HELENA – Senator Steve Daines and Representative Matt Rosendale from Montana are among a group of Republican members of Congress who have filed an amicus brief supporting 35 members of the Navy who are suing the government over the vaccine requirement COVID-19.
Specifically, members of the Naval Service oppose receiving the Pfizer-BioNTech COVID-19 vaccine for religious beliefs due to the use of cells from fetal tissue during its research. The lawsuit alleges the vaccine requirement violates First Amendment religious freedom.
âThe Navy SEALs challenge must be heard by the Supreme Court. It is about protecting the religious freedoms of our soldiers. President Biden’s tenure will force members of our military out of service, and that is unacceptable. The senator will continue to stand with these American heroes, âa spokesperson for Senator Steve Daines said in a statement to MTN.
Navy reports 97% of seafarers in active service are fully vaccinated against COVID-19 by the December 18 vaccination deadline.
The trial includes 26 Navy SEALs, five Special Warfare Combat Engineer crew, an explosive ordnance disposal technician and three Navy divers.
Their objection raises broader questions about the operations of the US military and its leadership. It has long been recognized, and supported by decisions of the United States Supreme Court, that the military operates as a “separate society” and that leaders can conform to certain behaviors of the military in order to maintain their effectiveness.
The rights granted by the First Amendment are no exception. Servicemen on active duty can be punished for “contemptuous speech” against the president and other leaders, regardless of their political affiliation. In Goldman v.
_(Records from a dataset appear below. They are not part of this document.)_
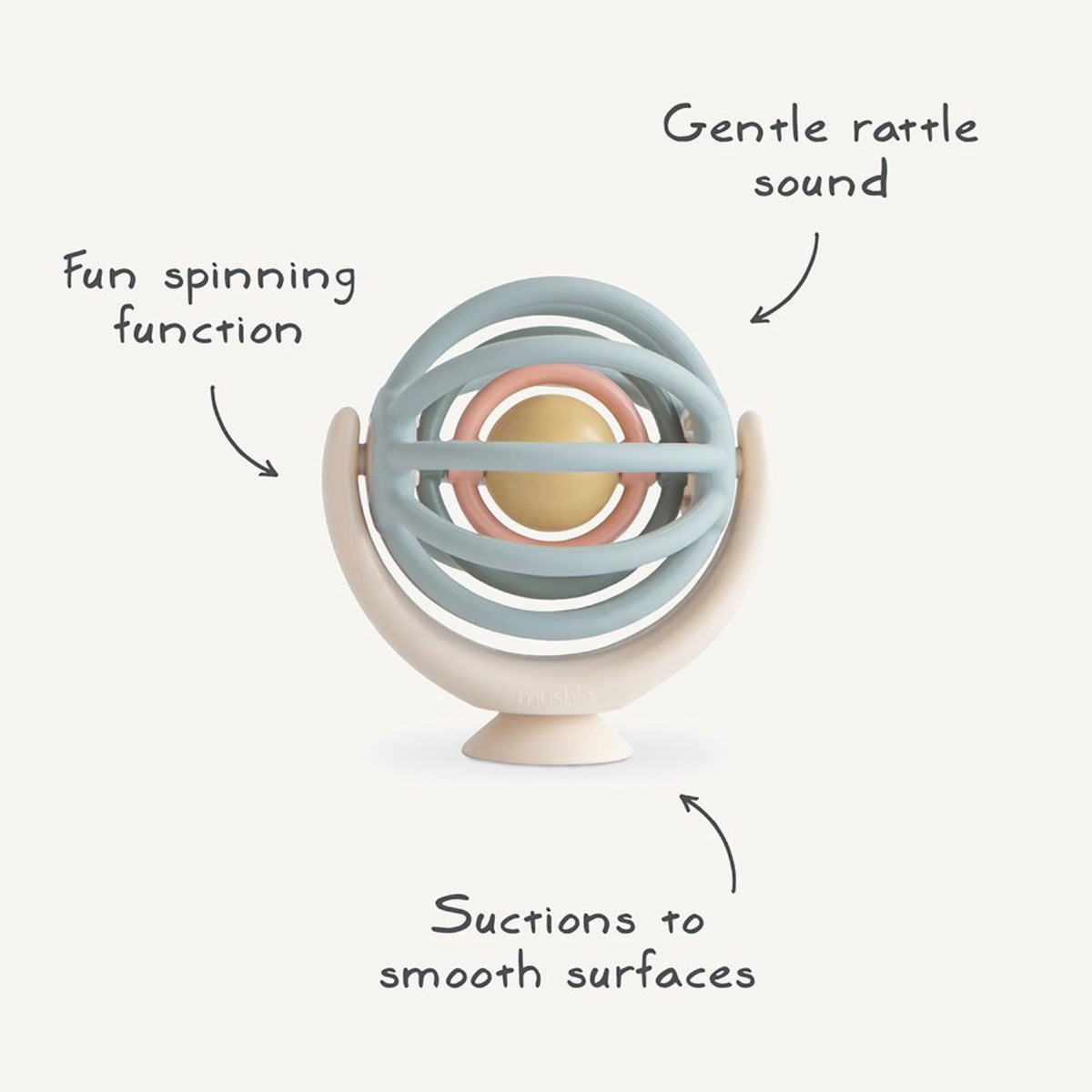 Mushie Ball Mushie Suction Spinner Ball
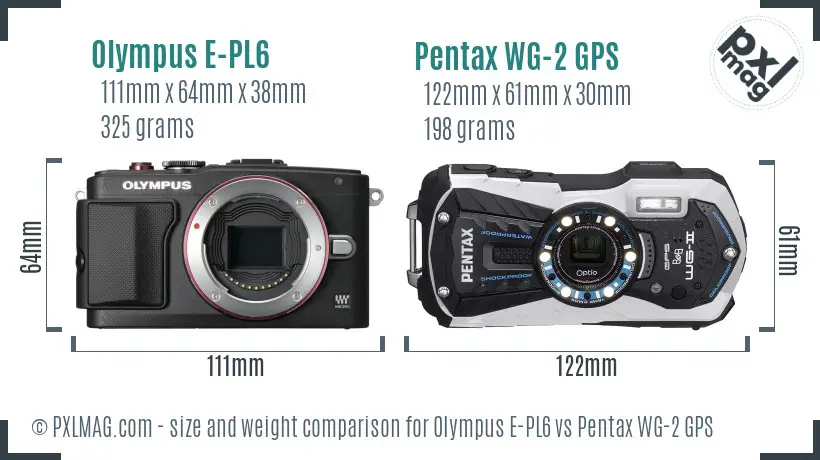 Olympus E-PL6 vs Pentax WG-2 GPS size comparison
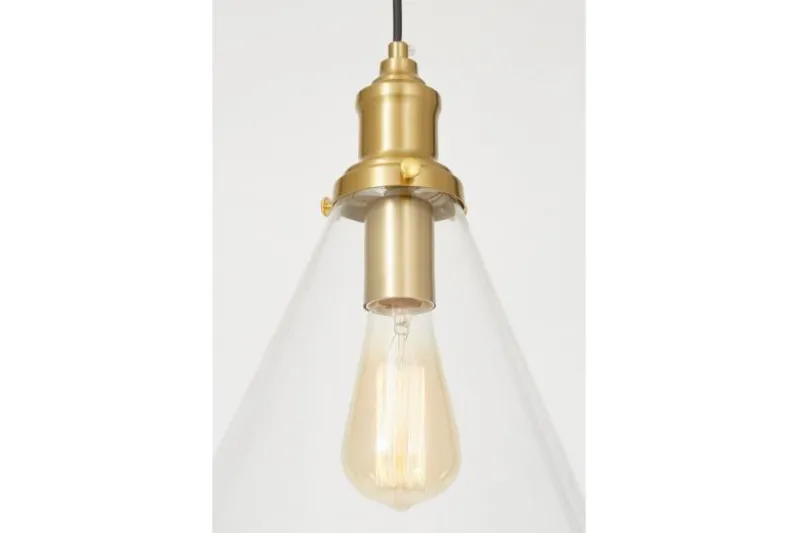 Lampada a sospensione moderna ottone con paralume a coppa FEROLI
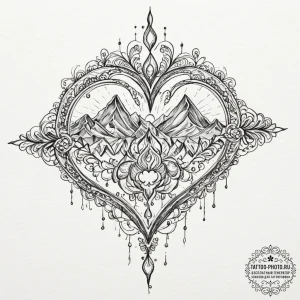 A soundwave of a heartbeat, tattoo flash shee... - эскиз тату (№1751699555_0, 05.07.2025 07:12) — tattoo-photo.ru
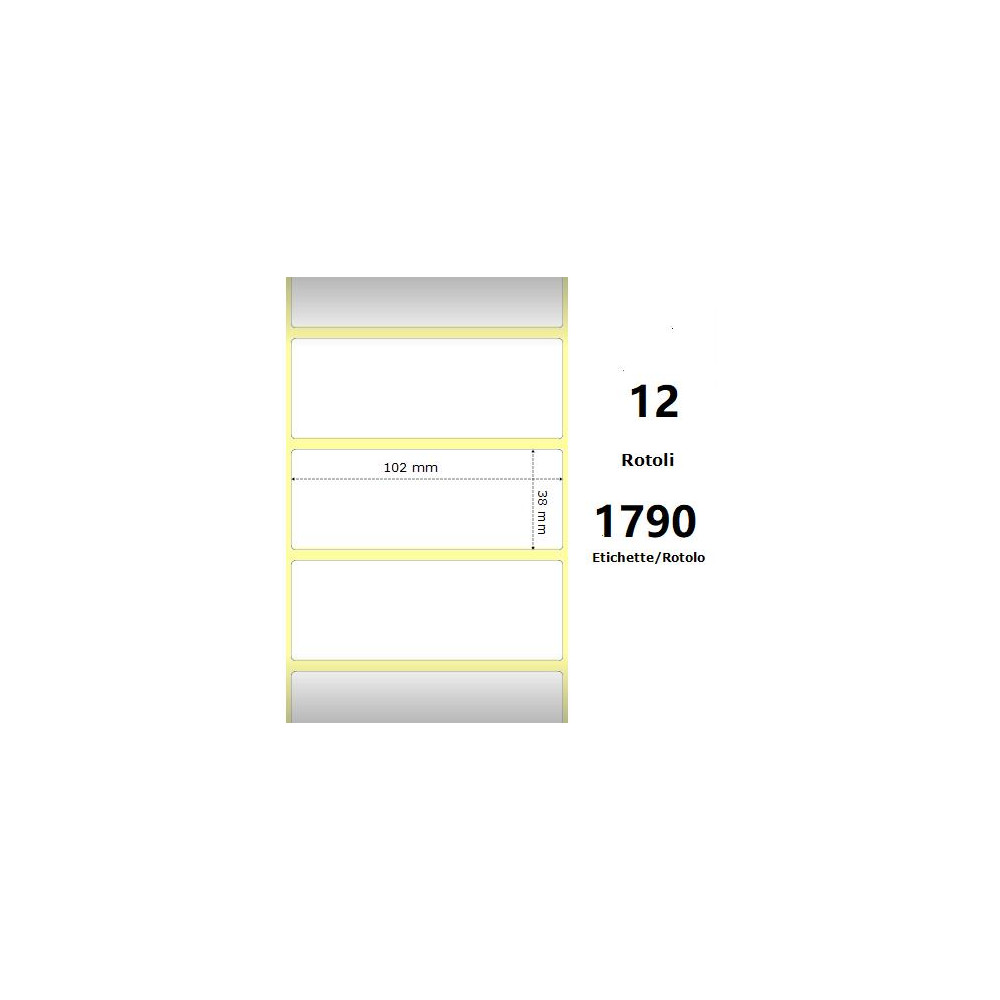 White 102x38mm,1790 Et/Rotolo Z-1000D, 4x1.5x1Core, 12 Rolls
Weinberger, 475 US 503 (1986), the United States Supreme Court ruled that the armed forces can prohibit soldiers from wearing religious clothing.
Representative Matt Rosendale said in a statement to MTN that he is proud to support the case and that it is his duty to protect the religious freedom of Montanais and those who serve our nation in the armed forces.
âUnder the First Amendment of the Constitution and the Restoration of Religious Freedom Act, the government (including the military) can only hinder the exercise of a person’s religion if it can demonstrate ( 1) it serves a compelling government interest; and (2) that it is the least restrictive way possible to achieve the compelling interest. I think the DOD COVID-19 vaccine mandate does not meet any of these requirements – a general mandate with multiple secular exemptions and no religious accommodation is certainly not the least restrictive way. Further, it is difficult for me to see how the dismissal of 3,000 trained personnel and undermining military readiness would be in the best interests of the government.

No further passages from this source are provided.